For those who have grown up by the ocean, the smell of the sea is also a sound, a lullaby, a lullaby that always accompanies us and calls to us, even in the distance.
I was born in the capital of my country, where the sea is two hours away, but I came to this city that I call my city, my marine city, at a very early age. When I grew up I got into the habit of silently comparing the smells, the colors and the people of my city with those of any other place I visited.
Once, I moved away from my sea town, I went to live in a very cold country. I left behind my mother's house, with its courtyard smelling of lemons, mint and roses. In my new house - a beautiful house identified with the number one, on the right side of an old arch that gave entrance to the main street of the town - the smells were different. When I arrived there, the house smelled of a combination of apples, plums and pine.

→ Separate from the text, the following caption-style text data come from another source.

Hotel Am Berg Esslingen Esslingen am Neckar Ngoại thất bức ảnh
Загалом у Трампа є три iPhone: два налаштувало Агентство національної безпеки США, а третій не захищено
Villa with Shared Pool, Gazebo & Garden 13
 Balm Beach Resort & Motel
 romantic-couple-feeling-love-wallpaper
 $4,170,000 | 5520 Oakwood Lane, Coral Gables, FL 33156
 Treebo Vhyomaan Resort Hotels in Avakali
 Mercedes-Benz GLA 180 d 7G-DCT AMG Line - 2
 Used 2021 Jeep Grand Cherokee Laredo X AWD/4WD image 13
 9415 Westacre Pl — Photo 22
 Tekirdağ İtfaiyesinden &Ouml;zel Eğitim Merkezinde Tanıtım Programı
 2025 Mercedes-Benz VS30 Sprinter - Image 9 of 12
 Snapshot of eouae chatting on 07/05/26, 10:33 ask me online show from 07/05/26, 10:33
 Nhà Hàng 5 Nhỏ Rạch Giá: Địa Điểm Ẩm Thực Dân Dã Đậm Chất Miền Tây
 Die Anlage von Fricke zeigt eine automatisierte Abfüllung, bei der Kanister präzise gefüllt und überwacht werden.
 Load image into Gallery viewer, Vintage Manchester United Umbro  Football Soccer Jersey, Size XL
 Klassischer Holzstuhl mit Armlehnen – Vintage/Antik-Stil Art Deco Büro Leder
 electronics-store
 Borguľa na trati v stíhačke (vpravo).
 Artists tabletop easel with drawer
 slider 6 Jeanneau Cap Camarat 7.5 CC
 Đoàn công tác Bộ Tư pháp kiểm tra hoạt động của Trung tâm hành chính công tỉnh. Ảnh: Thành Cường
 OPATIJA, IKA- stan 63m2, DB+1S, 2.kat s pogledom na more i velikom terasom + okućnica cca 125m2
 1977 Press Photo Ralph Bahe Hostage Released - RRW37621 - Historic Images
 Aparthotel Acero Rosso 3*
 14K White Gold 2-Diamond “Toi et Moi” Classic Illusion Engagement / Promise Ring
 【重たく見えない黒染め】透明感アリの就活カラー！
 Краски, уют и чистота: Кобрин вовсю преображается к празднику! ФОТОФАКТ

The stay in that house was quite personally enriching, from there I traveled to the capital three times a week to study the language at the University of Vienna. During the years I lived there I learned to notice the variation of smells in each season. In autumn I was confronted with the smell of wood, of smoke from the chimneys. A smell of dry leaves, similar to the delicious perfume of old books. In winter the bakeries smell of cinnamon, cloves, chocolate, from the streets emanates an attractive smell of roasted chestnuts. In spring the sense of smell sharpens but has a strong contender in the sense of sight. No sooner had I stepped off the south station train than I was hit by the smells of the flowers that fill the air in all directions in Vienna. I smelled the versatile scent of geraniums mingling with the clear sweet and playful scent of violets but in general what completely describes spring is the word potpourri. Summer would bring one of my favorite smells in the world. The smell of people.
I said before that this stay was very profitable for me. I studied, I traveled, I assimilated... I learned to look at myself from other concepts, from other perspectives. Everything was in order. But inside me a voice began to call me. Nostalgia came.
One early spring day, a ray of light came through the living room window and slipped through the curtains, drawing itself on the parquet floor. I felt that triangle of light as an invitation. I was alone at home on the second floor. Then I undressed and lay down on that sunbeam. There my mother-in-law found me fast asleep an hour later. I woke up and to the mute question in her eyes I only said:
"I miss the sun of my city very much and above all I miss the sea very much."
Those were my most heartfelt needs, I didn't miss my parents so much, nor my siblings, nor my friends. I missed my sea city.
To better use this space of memory I must say that in all that time I only offered a hug to a friend who was going through a bad time. She accepted the hug and cried hard on my shoulder. At that moment, as I touched her hair, it dawned on me that in all the time I had been living there in that beautiful part of the world I had only received hugs from my husband. The realization hit me hard. That day I decided that I would return to my sea town, where people have the habit of hugging a lot.
We returned. Life has continued, with its arbitrary rhythm, with its ups and downs.
In the last few years my whole country has experienced a cataclysm. I continue here in my marine city, wrapped in its perfume.
When the heat becomes unbearable or when I need a little calm, I go into the sea. He always greets me. Sometimes he throws himself on me like in an embrace.
I feel his unmistakable scent and that's enough.